Weekly Roundup: Get On Yer Bike, 420 Sarkar? Indianising Twitter

The answer to exorbitant fuel prices, some say daylight robbery, is simple. Get on your bike! So says the BJP energy minister from Madhya Pradesh. He has seriously advised his fellow Madhya Prades  waasis to ride the bike to the vegetable market when getting Gobi, Aloo, Onion and Bataun, also at world beating prices. Most people can only buy one aloo or onion at today’s prices. ‘It will keep you fit’, he said and ‘save money’.

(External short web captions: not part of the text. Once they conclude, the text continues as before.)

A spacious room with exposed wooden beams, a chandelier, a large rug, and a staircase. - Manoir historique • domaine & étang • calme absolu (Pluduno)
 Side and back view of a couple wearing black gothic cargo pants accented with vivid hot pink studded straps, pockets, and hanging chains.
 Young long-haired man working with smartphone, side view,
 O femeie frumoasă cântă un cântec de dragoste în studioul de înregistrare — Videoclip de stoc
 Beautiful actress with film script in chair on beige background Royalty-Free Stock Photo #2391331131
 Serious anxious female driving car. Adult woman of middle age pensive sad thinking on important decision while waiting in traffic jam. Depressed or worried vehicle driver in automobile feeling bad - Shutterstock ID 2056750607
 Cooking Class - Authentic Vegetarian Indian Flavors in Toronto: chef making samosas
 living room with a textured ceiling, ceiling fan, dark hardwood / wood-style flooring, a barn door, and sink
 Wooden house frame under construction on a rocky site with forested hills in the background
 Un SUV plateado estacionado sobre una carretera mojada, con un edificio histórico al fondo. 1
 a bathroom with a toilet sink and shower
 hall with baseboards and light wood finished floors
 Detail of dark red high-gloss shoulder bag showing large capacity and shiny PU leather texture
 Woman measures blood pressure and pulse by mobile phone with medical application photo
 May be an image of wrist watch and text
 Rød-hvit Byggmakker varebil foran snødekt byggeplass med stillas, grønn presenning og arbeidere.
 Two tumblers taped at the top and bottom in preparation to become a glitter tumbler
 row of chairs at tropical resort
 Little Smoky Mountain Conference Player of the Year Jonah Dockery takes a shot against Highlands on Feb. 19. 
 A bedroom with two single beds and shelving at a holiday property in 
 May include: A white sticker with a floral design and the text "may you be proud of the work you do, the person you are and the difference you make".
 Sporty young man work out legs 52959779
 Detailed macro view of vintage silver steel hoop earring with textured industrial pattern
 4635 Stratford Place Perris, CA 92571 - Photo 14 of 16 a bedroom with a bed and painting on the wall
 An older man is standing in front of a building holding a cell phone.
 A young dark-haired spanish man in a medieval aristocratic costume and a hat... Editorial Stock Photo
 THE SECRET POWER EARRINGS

Fitness man Pardhuman Singh Tomar assured the cynics that he does a lot of walking. One imagines that this is possibly walking around in circles in the office thinking out solutions to the petrol price hikes by his masters in Delhi. Indian petrol and diesel prices have overtaken USA fuel prices (at least one area in which India is ahead of Americans) and catching up with prices in the old colonial masters, United Kingdom. Clearly after miles of walking around the office table and wearing out his shoes, Tomar got the ‘eureka’ moment. ‘Get on yer bike!’ And he then said he does a lot of biking.

Never having met or seen Tomar going to work, the imagination goes a bit wild. Does Tomar put the VVIP flashing red light blaring, peep, peep, peep, peep, on the crown of his head strapped with a plastic stretchable strap with ‘BJP saviour of the ordinary people’ written on it while riding on his bike to work? He can’t put it on the handle because not many people will notice it.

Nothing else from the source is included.